Publicaties

Perspectives on mutual dependence in plant health

Schneider, Kevin

Samenvatting

Analyses of the economic impact of, and possible risk mitigation strategies against, pests often fail to account for spatial and economic dependencies among the evaluated decision-making units, and heterogeneity in the environment they operate in. Awareness of the mutual dependence of actors, regions and countries is critical for proper management of pests. In this thesis, I develop methodological approaches to account for the spatial nature of pest populations and the mutual dependence of farmers, countries, and markets to contribute to a more informed discussion on plant health policies in Europe.

Chapter 2 provides an empirical approach to measure spatial spillover effects of decision-making units’ characteristics with managerial performance of neighbors. This allows relaxing the assumption that decision-making units operate in isolation from their peers. The model is applied to data from the Farm Accountancy Data Network. The data comprises expenses, revenues, balance sheet positions, and farm characteristics for 75 Dutch arable crop farms which are observed over six years. The results show that managerial performance of decision-making units is related to neighbors’ characteristics such as the degree of farm specialization, received subsidies, insurance payments, and age. However, how they associate is found to depend on the definition of the neighborhood. The results imply that analyses of optimal pest control should be expanded beyond individual farm-level.

Chapter 3 provides an integrated framework that derives insights from climatic suitability, spread modelling, and economic modelling. A pest spread model is developed such that environmental heterogeneity, point of pest introduction, and host locations are fundamental components for the realized dispersal over time. The economic model captures heterogeneity of different cropping systems and countries, includes temporal effects through losses in investments, and highlights economic dependence among growers due to price responses following changes in aggregate supply. The model is applied to the invasive species Xylella fastidiosa subspecies pauca to compute impacts to olive growers in Europe, with a focus on Italy, Greece, and Spain. For Italy, across the considered spread rates the potential economic impact over 50 years ranges from 1.9 billion to 5.2 billion Euros for the economic worst-case scenario, in which production ceases after orchards die off. If replanting with resistant varieties is feasible, the impact ranges from 0.6 billion to 1.6 billion Euros. Even under slow spread rates and the ability to replant with resistant cultivars, economic impact to olive growers from further spread of Xylella fastidiosa subspecies pauca is expected to be sizable (0.6 billion Euro) and warrants strong regulatory response.

Chapter 4 translates results of the spatially explicit pest spread model to suit the needs of partial equilibrium models. The chapter shows how global sensitivity analyses can be informative in the context of partial equilibrium models. The model is applied to the invasive species Xylella fastidiosa subspecies pauca to compute impacts on producers and consumers of olive oil in Europe, with a particular focus on Italy, Greece, and Spain. I find that most of the potential future impact of Xylella fastidiosa subspecies pauca in the olive oil market would fall on consumers because of higher prices following reductions in supply. The analysis highlights that the problem of invasive pests should be contextualized as a societal challenge as opposed to one that affects only producers. The chapter stresses the fact that consumers are beneficiaries of pest control.

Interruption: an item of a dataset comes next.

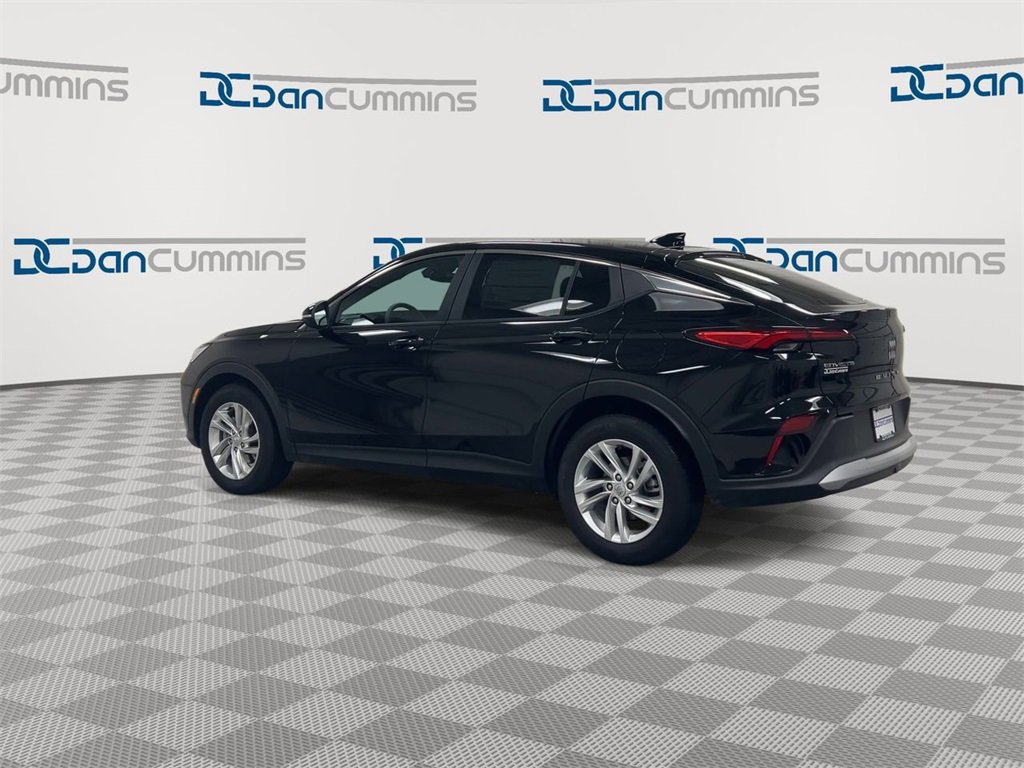 Certified 2025 Buick Envista Preferred w/ Convenience I Package image 6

Chapter 5 shows that a joint analysis of several hundred pests can produce hotspot maps with a high accuracy. A machine learning model is trained on a dataset covering 248 invasive species to map risk of new pest introduction in Europe as a function of climate, soils, water, and anthropogenic factors. Due to the considerable time and labor requirements for species-specific analyses, there is no information on area-specific suitability for establishment or introduction for many hazardous species. The joint analysis of several species could be one approach for addressing this knowledge gap. Furthermore, joint analyses of various pests could help to identify weak-links and thereby inform collective control. Results show that the BeNeLux states, Northern Italy, the Northern Balkans, and the United Kingdom, and areas around container ports such as Antwerp, London, Rijeka, and Saint Petersburg are at higher risk for introductions. However, harmonized, systematic, species survey data comprising also true absences are required to further validate and improve these maps.

The thesis, as a collection of these articles, contributes to the literature by providing methodological approaches which (i) capture spatial dependencies, (ii) account for environmental and economic heterogeneity at the level of granularity feasible under the available data, (iii) acknowledge the temporal nature of pest spread and economic impact in perennial hosts, (iv) highlight the actionable insights sensitivity analyses can generate, and (v) propose cost-effective modelling strategies to address the absence of risk maps for many invasive species.